**Exercise data**
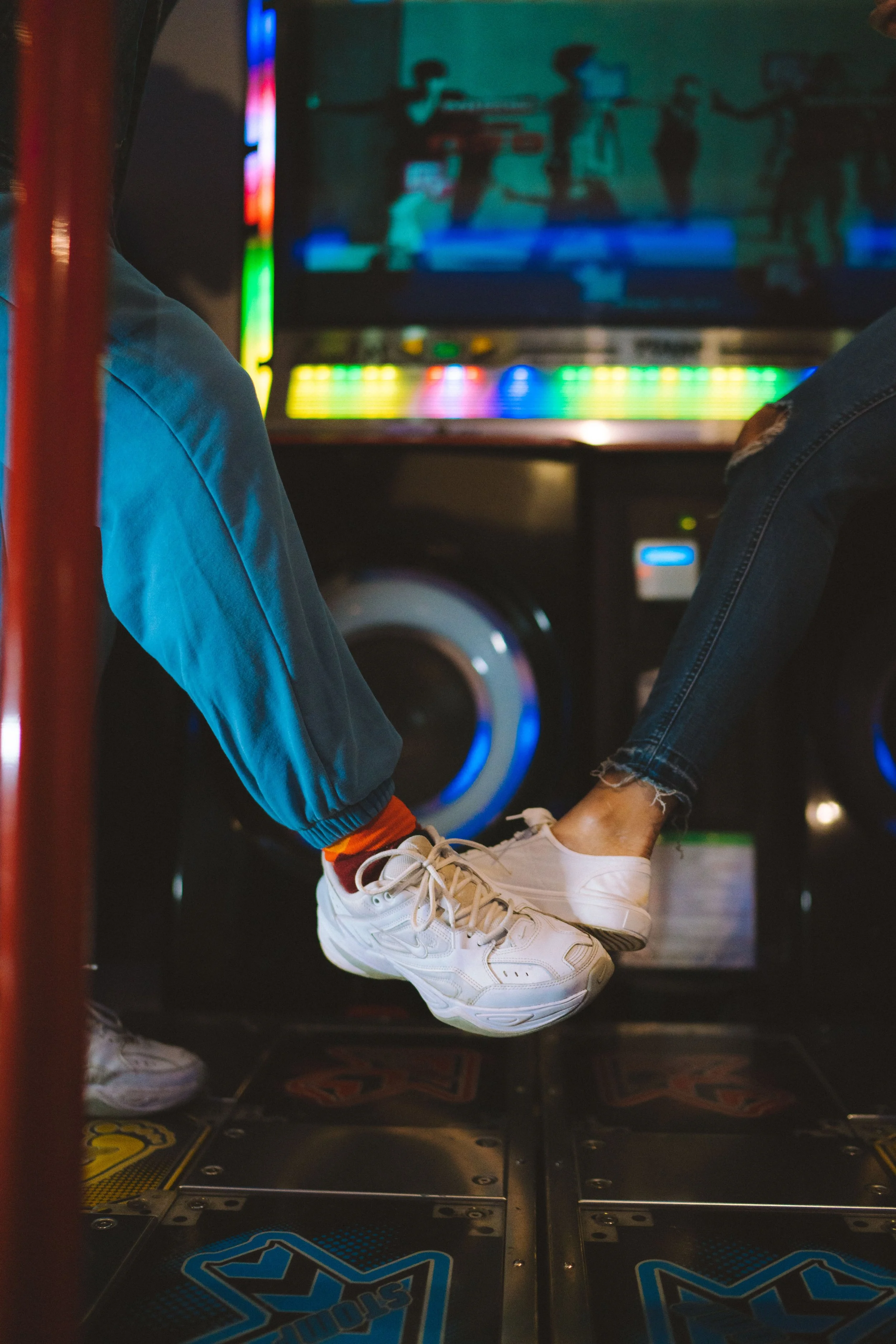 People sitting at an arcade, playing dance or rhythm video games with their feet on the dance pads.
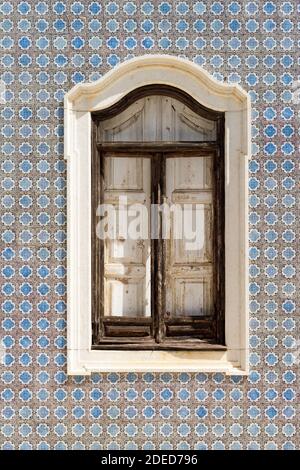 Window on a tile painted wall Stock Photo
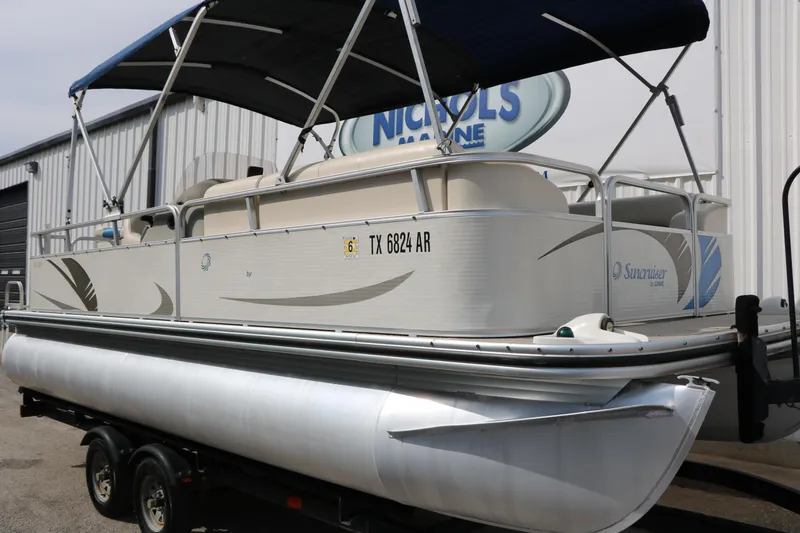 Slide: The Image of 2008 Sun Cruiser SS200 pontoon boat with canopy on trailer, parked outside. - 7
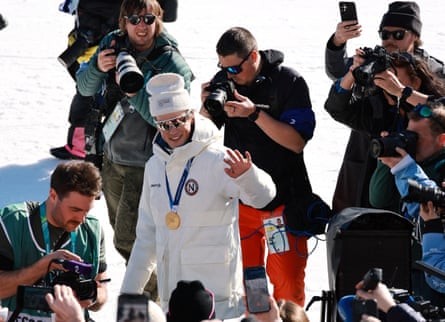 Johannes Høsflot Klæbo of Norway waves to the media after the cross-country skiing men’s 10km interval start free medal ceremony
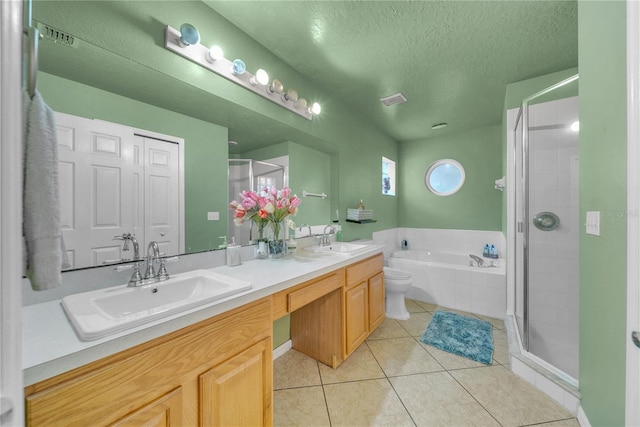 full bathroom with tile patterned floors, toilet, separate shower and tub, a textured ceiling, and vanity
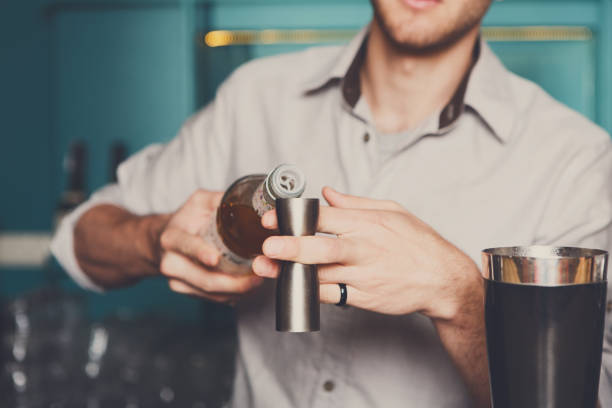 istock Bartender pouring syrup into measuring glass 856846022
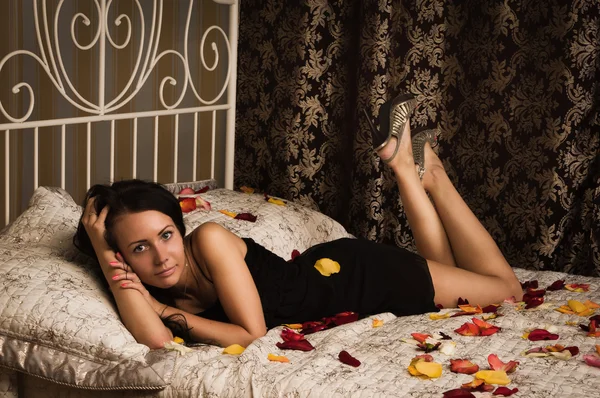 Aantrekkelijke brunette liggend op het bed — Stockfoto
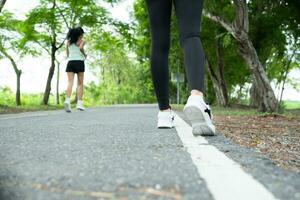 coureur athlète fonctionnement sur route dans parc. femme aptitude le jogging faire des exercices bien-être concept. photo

**Goal of the exercise**
The answer must consist of the line containing "istock Bartender pouring" and every line after it through the end of the records, retyped exactly, with all pictures left out.

**Final answer**
 istock Bartender pouring syrup into measuring glass 856846022
 Aantrekkelijke brunette liggend op het bed — Stockfoto
 coureur athlète fonctionnement sur route dans parc. femme aptitude le jogging faire des exercices bien-être concept. photo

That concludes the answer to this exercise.